Cuando le conviene, el huésped anaranjado de la Casa Blanca, cuya ropa de estar por casa debería ser la camisa de fuerza, recurre a las opiniones y peticiones de la gente para hacer su desquiciada voluntad. Un ejemplo, el 22 de enero, recién inaugurado su segundo período presidencial, tomó el plumón con el que suele trazar su megalómana firma, del tamaño de su ego, y dijo: “Hace años que la gente lo pide”, y a continuación plasmó su rúbrica, de la que vive enamorado, sobre el documento que designó a los cárteles mexicanos del narcotráfico “organizaciones terroristas extranjeras”.

La decisión presidencial fue publicada, posteriormente, en la página web de la Casa Blanca y dice así: “Las actividades de los cárteles amenazan la seguridad del pueblo estadounidense, la seguridad de EU y la estabilidad del orden internacional en el hemisferio occidental”.

Un paréntesis para deslindar del propósito de esta columna dedicada a las organizaciones mexicanas del narco, a otras dos facciones delincuenciales que fueron calificadas como organizaciones terroristas extranjeras: la banda llamada Tren de Aragua, surgida en una cárcel venezolana desde donde extendió sus actividades a otros países de América Latina y a EU; y la salvadoreña Mara Salvatrucha o MS-13, originada en las calles de Los Ángeles en los años 80, muchos de cuyos miembros fueron deportados a El Salvador.
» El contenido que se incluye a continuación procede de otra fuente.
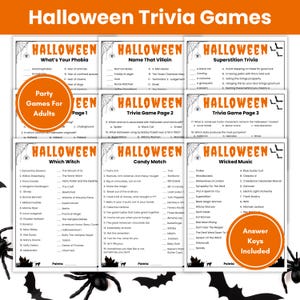Halloween Trivia Games Bundle, Games For Adults, Office Party Games, Printable Halloween Games, Icebreaker Games, Adult Game Night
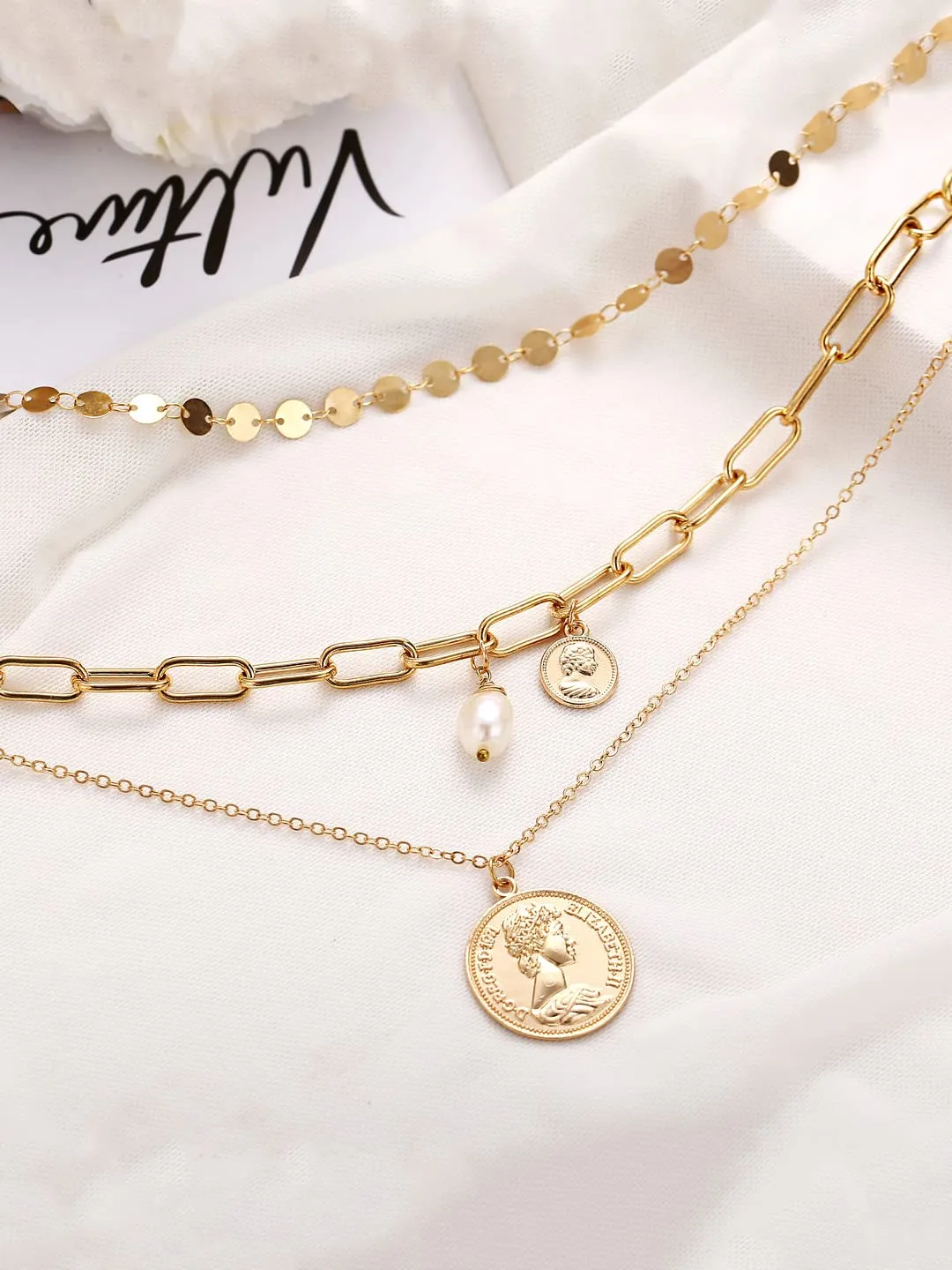 Yellow Chimes Layered Choker Necklace for Women Gold Plated Multi Layer Chain Coin Choker Necklace for Women and Girls.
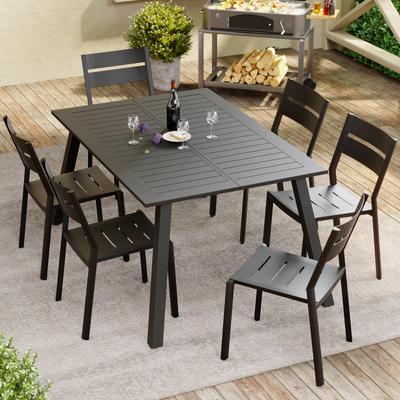Aluminum All-Weather Stackable Dining Chairs Armless, Dining table Not Included - See Picture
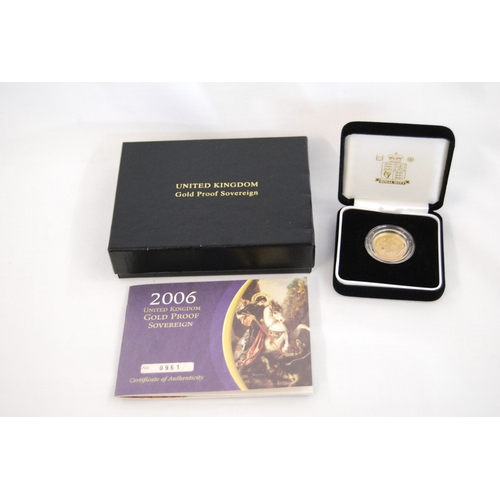 36 - 2006 UK GOLD SOVEREIGN, REVERSE ST GEORGE AND THE DRAGON, OBVERSE BY IAN RANK-BROADLEY, LIMITED EDIT... 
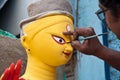 Painting goddess Durga's eyes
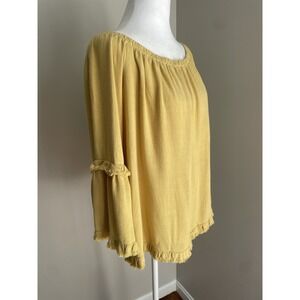Umgee S Top NWT Mustard Yellow Linen Boho Shoulder Cottage‎ Fall Blouse Bell 3/4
La calificación de estructuras terroristas para los cárteles mexicanos surge, según nos lo hace ver Leire Ventas, corresponsal de BBC Nuevo Mundo en Los Ángeles, de una ley aprobada en 1996 que posibilitó a EU crear una lista de Organizaciones Terroristas Extranjeras y establecer mecanismos de persecución y sanciones específicas para las entidades incluidas en ella.

Para ser designado como un organismo terrorista, según la ley citada, deben cumplirse tres criterios: ser extranjero, participar en actos de terrorismo o tener la intención de hacerlo y ser “una amenaza para la seguridad de los estadounidenses o para la defensa, las relaciones exteriores o los intereses económicos de los Estados Unidos”. Es decir, de todos modos Juan te llamas.

Antes de que Donald Trump lo hiciera, fueron varios los intentos de aplicar el adjetivo de terroristas a los cárteles mexicanos. El Congreso lo propuso en 2011 al ocurrir la muerte de dos estadounidenses a manos de un grupo de narcos mexicanos, no se logró. En el 2019 tras el asesinato de nueve miembros de la familia mormona LeBaron, mujeres y niños con doble nacionalidad, se hizo otro intento malogrado.

Tuvieron que coincidir dos cosas: la multiplicación de las muertes provocadas por el fentanilo y la llegada del magnate anaranjado al poder para que los cárteles nacionales fueron considerados terroristas. Nadie en sus cabales podrá negar que los narcos mexicanos no son ángeles ni querubines, pero estarán de acuerdo que arrastran con ellos una gran cauda de complicidades tanto en México como en el vecino país del norte.

Puestos a calificar de terroristas a todos los cómplices de nuestros narcos, el elenco se torna más grueso que la lista de candidatos para la elección judicial. Comencemos por los locales: altos mandos del Ejército de diversas regiones; prominentes individuos de los tres niveles de gobierno; policías, jueces y fiscales. Vistas aduanales de ambos lados de la frontera. Banqueros de las dos naciones, lavadores de dinero. Autoridades estadounidenses —las debe de haber si no, ¿cómo?—. Brockers gringos de las drogas —sinónimo de cárteles—; narcomenudistas que abundan por avenidas y calles de las ciudades de EU; pero, sobre todo, fabricantes y vendedores mayoristas de armas.

¿Será capaz el Demonio Anaranjado en su hipócrita lucha contra las drogas poner un alto a la fabricación y venta de todo tipo de armas? Son muchos los intereses creados en torno a este tema y por ende, son muchos los terroristas de ambas nacionalidades.